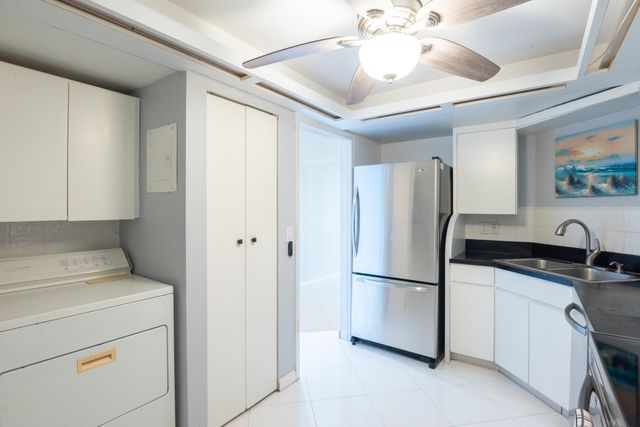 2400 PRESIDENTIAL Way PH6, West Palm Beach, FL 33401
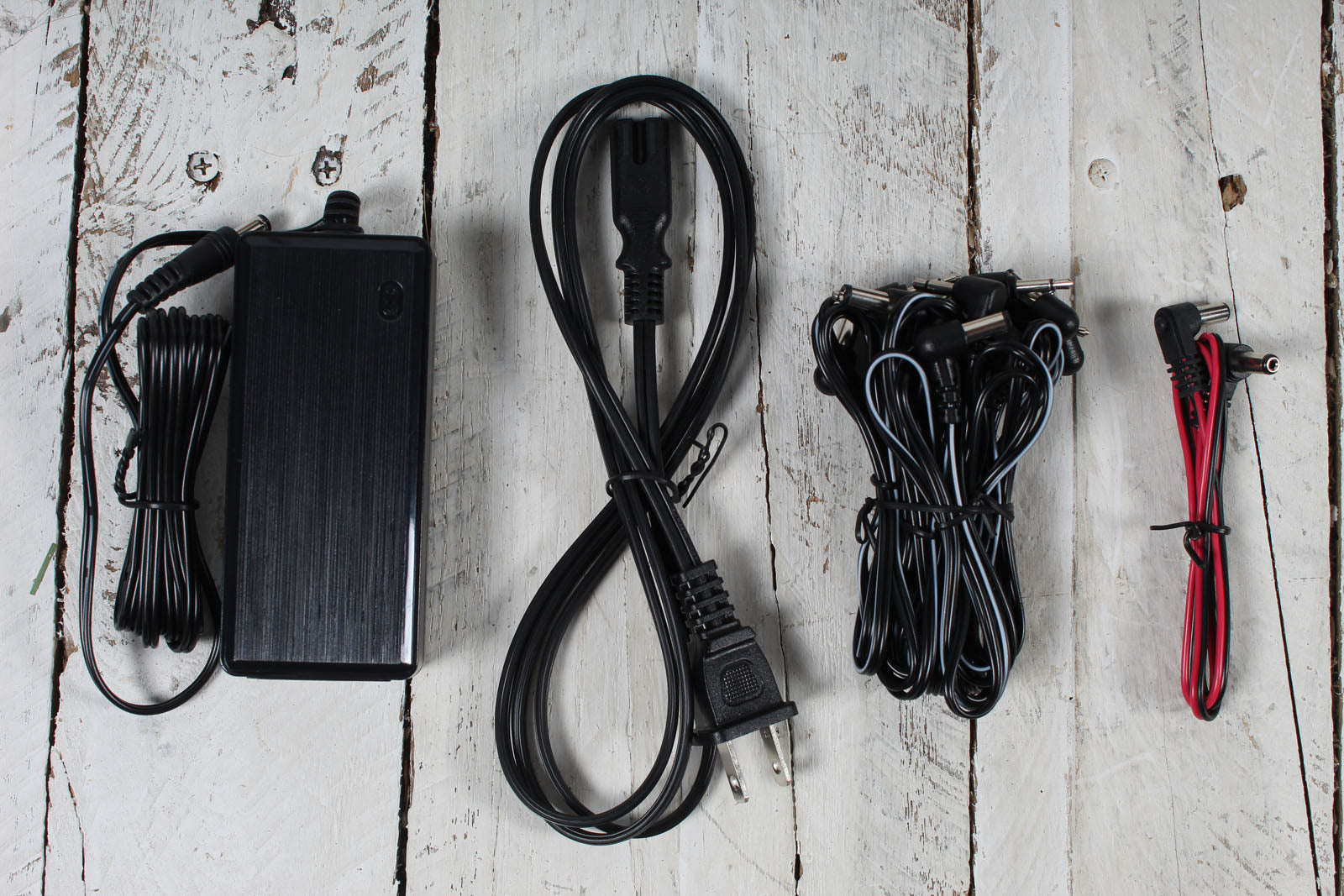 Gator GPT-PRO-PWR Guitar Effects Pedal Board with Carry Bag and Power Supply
****************************************
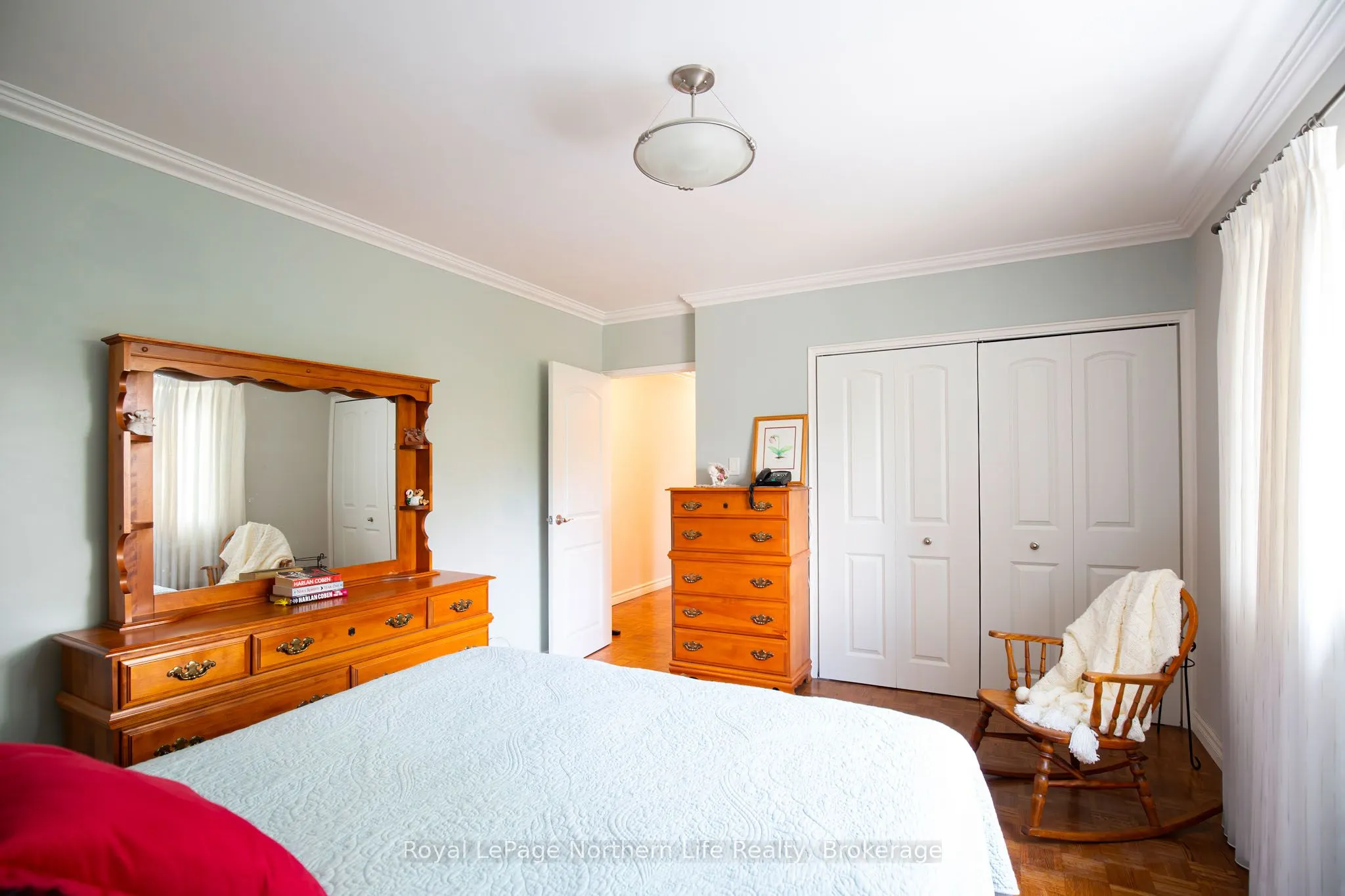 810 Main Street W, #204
****************************************
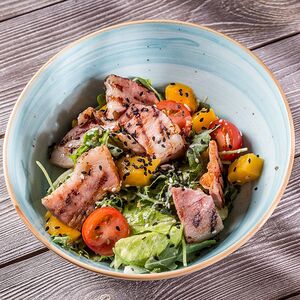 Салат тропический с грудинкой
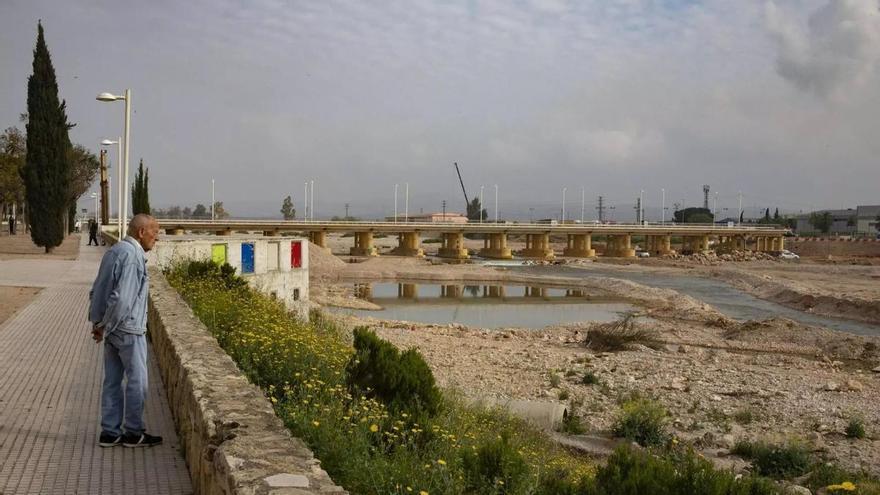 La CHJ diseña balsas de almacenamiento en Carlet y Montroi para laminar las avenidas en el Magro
****************************************
== YOUR TASK ==
Please repeat the lines of the material above exactly, starting with the line that contains "Салат тропический с грудинкой" and ending with the line that contains "La CHJ diseña". Leave the pictures out.

== RESULT BELOW ==
 Салат тропический с грудинкой
 La CHJ diseña balsas de almacenamiento en Carlet y Montroi para laminar las avenidas en el Magro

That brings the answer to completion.